Studio album by Shellac
- Released: 1997
- Recorded: 1995
- Genre: Post-hardcore; post-rock; experimental rock; noise rock;
- Length: 27:45
- Label: self-released
- Producer: Steve Albini

Shellac chronology
| At Action Park (1994) | The Futurist (1997) | Terraform (1998) |

= The Futurist (Shellac album) =

1997 album by Shellac

The Futurist is the second studio album issued by the American band Shellac. The album, of which only 779 original copies were created, was issued exclusively to friends of the band. The album was originally used as music for a performance by La La La Human Steps.

Professional ratings
Review scores
| Source | Rating |
| Allmusic | Star |

==Friends Only==
The cover of the album contains 779 names—one for each copy of the album. At the bottom of the cover is a blank space for anyone not named on the cover to write their name. Each person who received the album got a copy with their name circled on the cover; this was done for identification of a "culprit" should the album ever end up for sale.

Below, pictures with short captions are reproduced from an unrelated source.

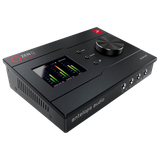 Sound thu âm cao cấp Antelope Zen Q Synergy Core 14X10 Bus-Powered Audio Interface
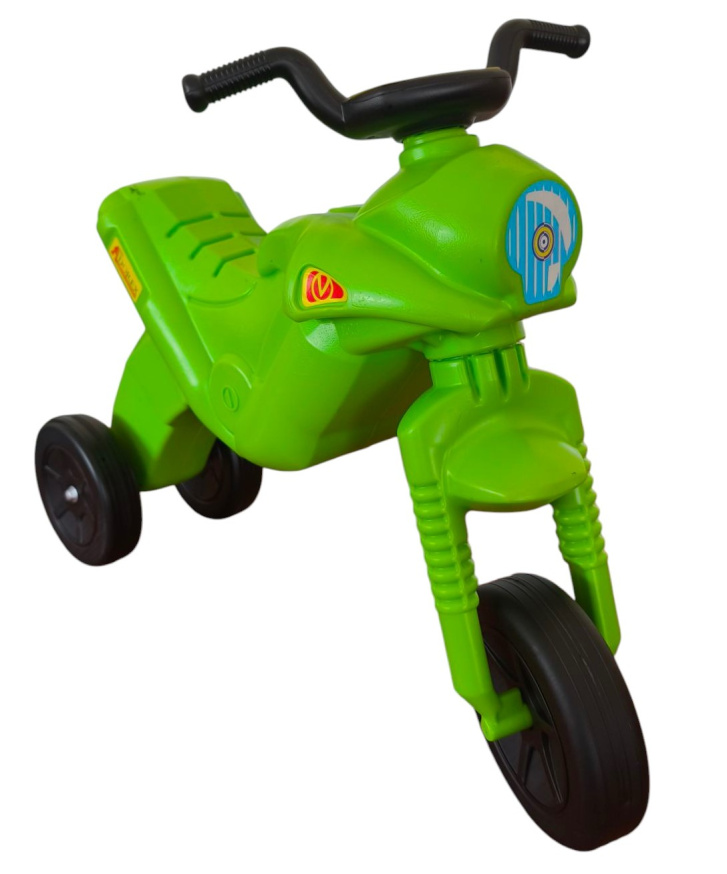 Odrážedlo motorka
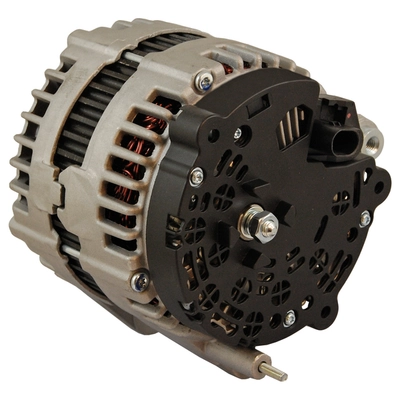 Alternator 11714N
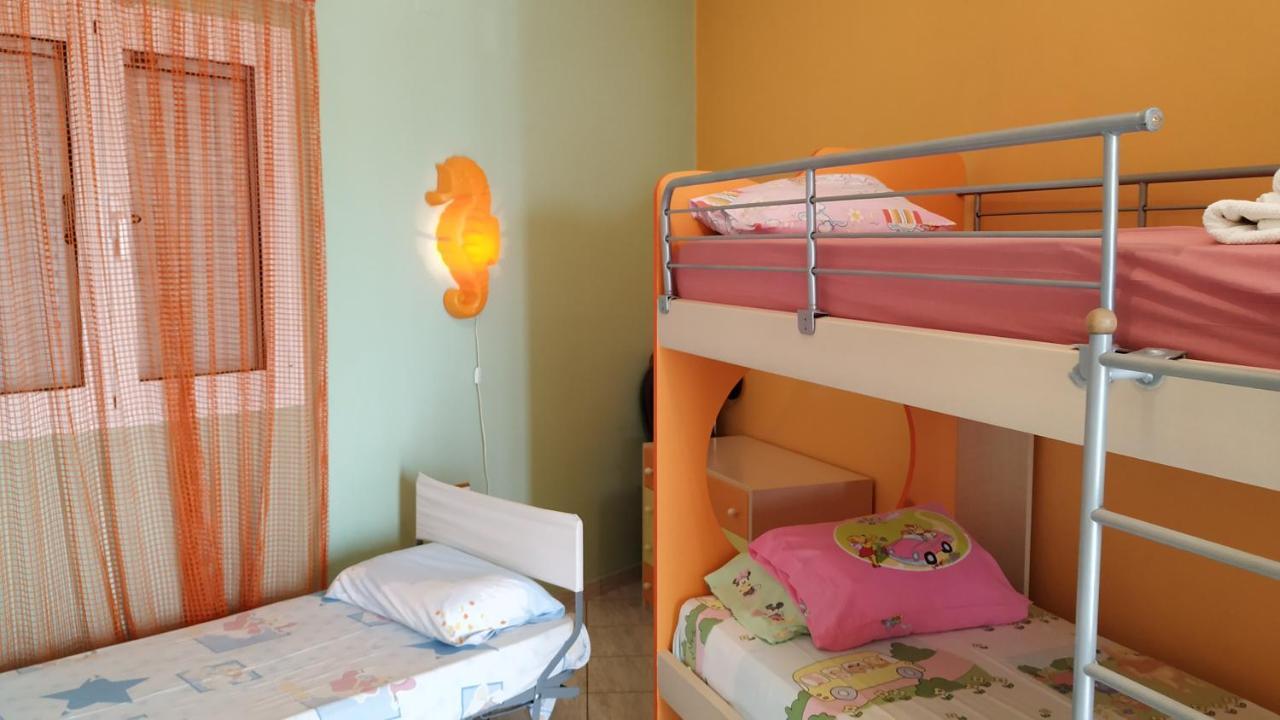 Ioannis House Sea View-perfect Family Holidays Holiday home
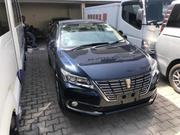 Toyota Premio 2018 Blue for sale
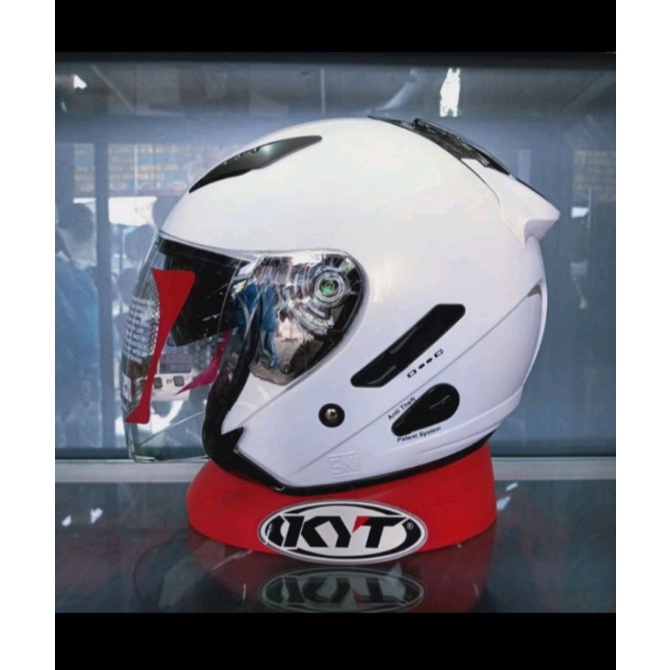 kyt galaxy slide solid original
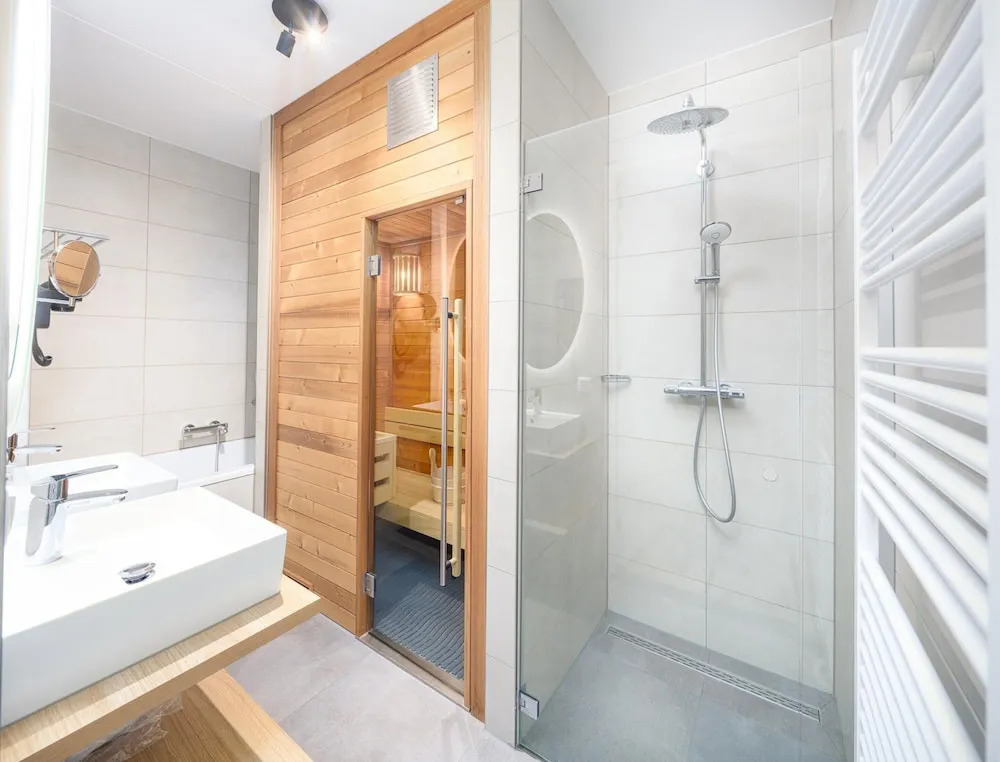 Beachfront Apartment for Four in Workum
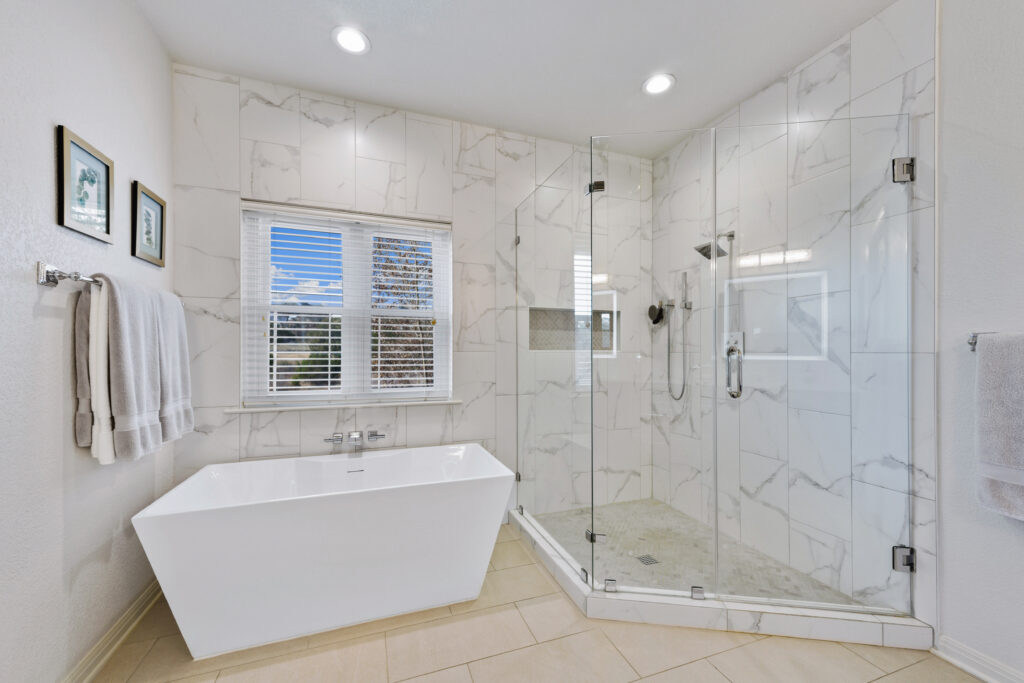 Bathroom Remodeling Service in Burleson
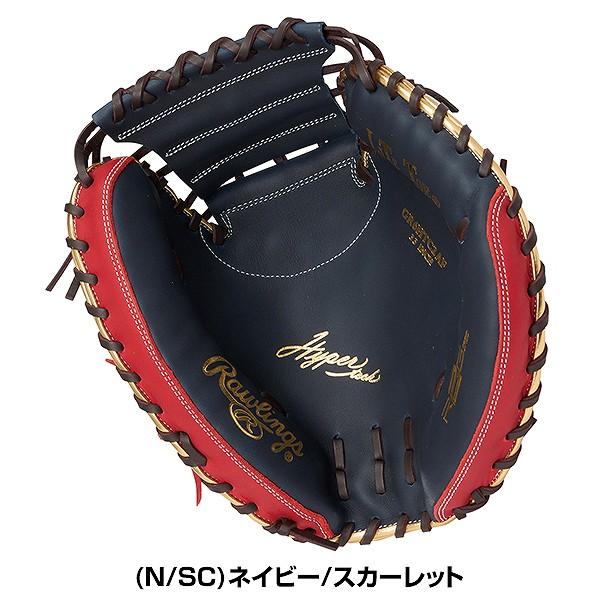 ローリングス　軟式　キャッチャーミット　右投げ　33インチ　大人　パドレス ローリングス 軟式 キャッチャーミット 右投げ 33インチ 大人 パドレス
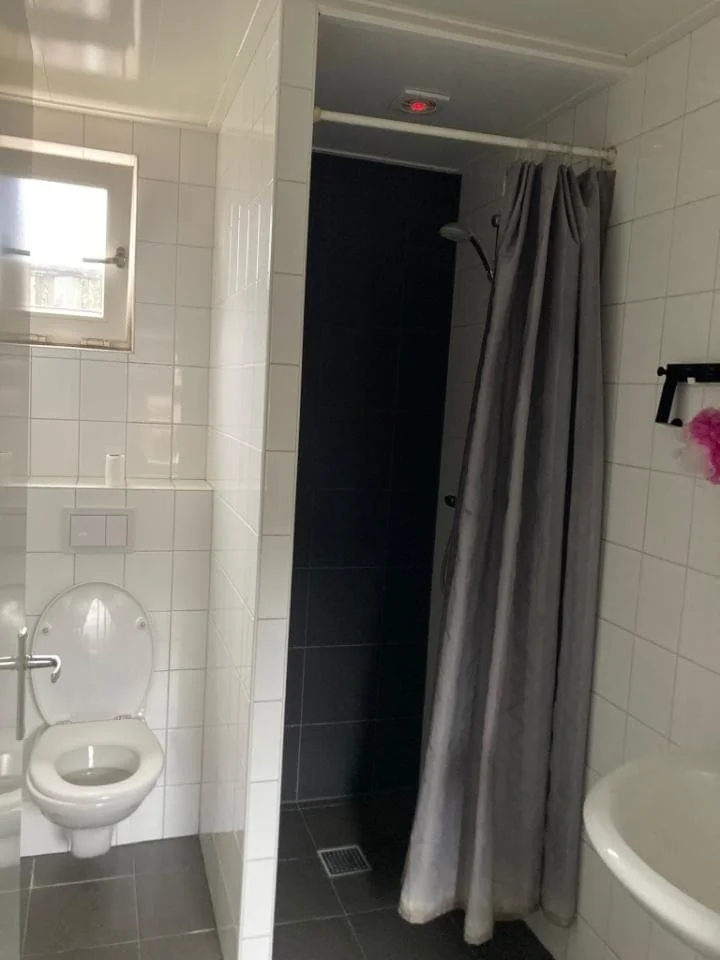 Foto van de Kamer gelegen aan de Dr. Stamstraat in Enschede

The Futurist was never released commercially. There is speculation that this was because Shellac were not satisfied with the finished product. A year later, Shellac released their second commercial full-length, Terraform.

==Movements==
The music on The Futurist is divided into ten total movements. Versions have floated around on file-sharing communities which have divided the album into five movements, and into two sides (vinyl sides A and B—Shellac are notorious vinyl purists, and The Futurist was only issued on LP).

==Reception==
Andy Kellman of Allmusic gave the album a mixed review, citing its overtly experimental nature. "Rather than proper tracks or songs," he writes, "the record seems to have ten "movements," as each piece flows steadily into the next. Oscillator tweakings mixed with Morse code transmissions and overseas correspondence give way to brief guitar/bass/drum bursts. Skronking noise here, guitar twists there, and familiar band interplay every now and again à la "QRJ" (off 1000 Hurts) double Dutch with each other, never outlasting their welcome." He is, however, more favorable in viewing the second half and cites the "bombastic" final movement as "the high point of the record". He concludes by writing: "It might be second-rate Shellac, but second-rate Shellac is just fine."